Comment parler des livres que l'on n'a pas lus ? de Pierre Bayard, aux Éditions de Minuit.

Comment parler des livres que l'on n'a pas lus ? de Pierre Bayard, aux Éditions de Minuit.

Si l'on s'en tient au titre, le livre est une réussite, un véritable manuel de survie en environnement littérairement hostile : soirée snob avec des gens trop cultivés, discussion avec un auteur dont on n'a pas lu le livre, tentative de séduction d'une prof de lettres charmante.

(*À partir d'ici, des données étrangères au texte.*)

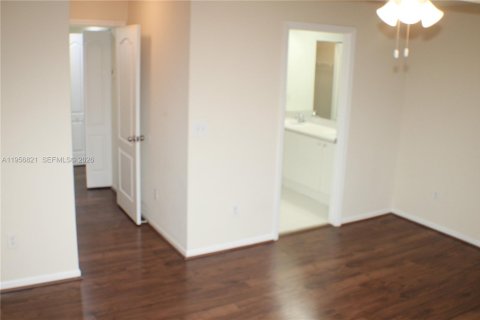 Touwnhouse à louer à Coconut Creek, Floride: 2 chambres, 122.45 m2 № 2026692 - photo 15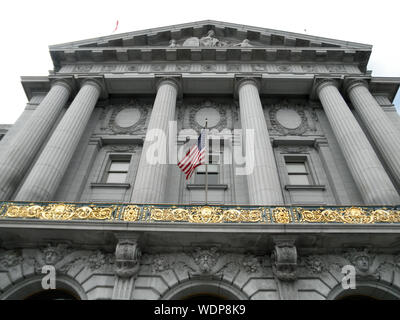 San Francisco - le 10 août 2010 : à la recherche jusqu'à l'Hôtel de ville avec des drapeaux en un jour brumeux. San Francisco City Hall est le siège du gouvernement pour t Banque D'Images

La première chose que nous apprend le livre, dont le style est fluide et d'une grande clarté, est de ne pas avoir honte. Ne pas avoir honte de ne pas avoir lu, ni de le dire ; ne pas se sentir interdit d'expression à propos d'une œuvre sous prétexte qu'on ne la connaît pas. Le fond du propos est celui-ci : la frontière entre les œuvres qu'on a lues et les autres n'est pas une muraille étanche, mais une membrane poreuse. Où placer les livres qu'on a parcourus ? Et ceux dont on a vu l'adaptation cinématographique, ceux dont on a entendu parler ?


Entre les livres qui ont été écrits et ceux dont on parle s'interposent toutes sortes de livres-écrans, façonnés par nos bibliothèques intérieures et qui font de la discussion littéraire un espace de fiction, avant tout, un lieu d'expression de soi.

Mais qui lit pour parler des livres ? Le lecteur malicieux pourrait croire que l'auteur de ces lignes ne fait pas autre chose. Pourtant il me semble que ceux qui parlent bien des livres sont ceux qui ne les lisent pas pour en parler. Ceux qui tirent de la lecture du plaisir plus que de l'érudition. Parler des livres, écouter les autres en parler, permet seulement d'ôter à la lecture le principal défaut que je lui connaisse : d'être une activité solitaire. Passer du plaisir solitaire à l'échange, avec ce que cela comporte d'exhibitionnisme, bien-sûr, de voyeurisme, aussi, mais surtout d'intérêt à l'étrangeté de la vision de l'autre, est en général une marche vers un plaisir plus élevé.

On ne peut pas reprocher à Pierre Bayard d'ignorer ce plaisir de la lecture puisqu'il prévient dès la première page qu'il lui est tout à fait étranger. Mais on peut lui reprocher de revendiquer une inculture décomplexée à l'aide d'exemples exclusivement littéraires. Comme si, avec une légère pointe de suffisance, il ne clamait qu'il n'a pas lu grand-chose que parce qu'il sait que personne ne le croira. Le livre ne dissipe jamais vraiment cette ambiguïté, et plus l'auteur conceptualise son propos, moins on y sent de sincérité. On aurait aimé, enfin, j'aurais aimé, qu'il tire moins sur ses pénibles ficelles psychanalytiques et qu'il assume plus sa roublardise, qu'il accentue sa désinvolture plutôt que la théorisation hypocrite de celui dont l'intelligence brillante s'est trompé d'objet lors de ses études.

Je laisse le lecteur juger si cette chronique repose sur une lecture assidue de ou sur une application rigoureuse des principes exposés dans Comment parler des livres que l'on n'a pas lus ? de Pierre Bayard, aux Éditions de Minuit (15 €).

TM ; DR : un essai un peu démago sur la meilleure façon de paraître cultivé. Roublard, mais pas franc.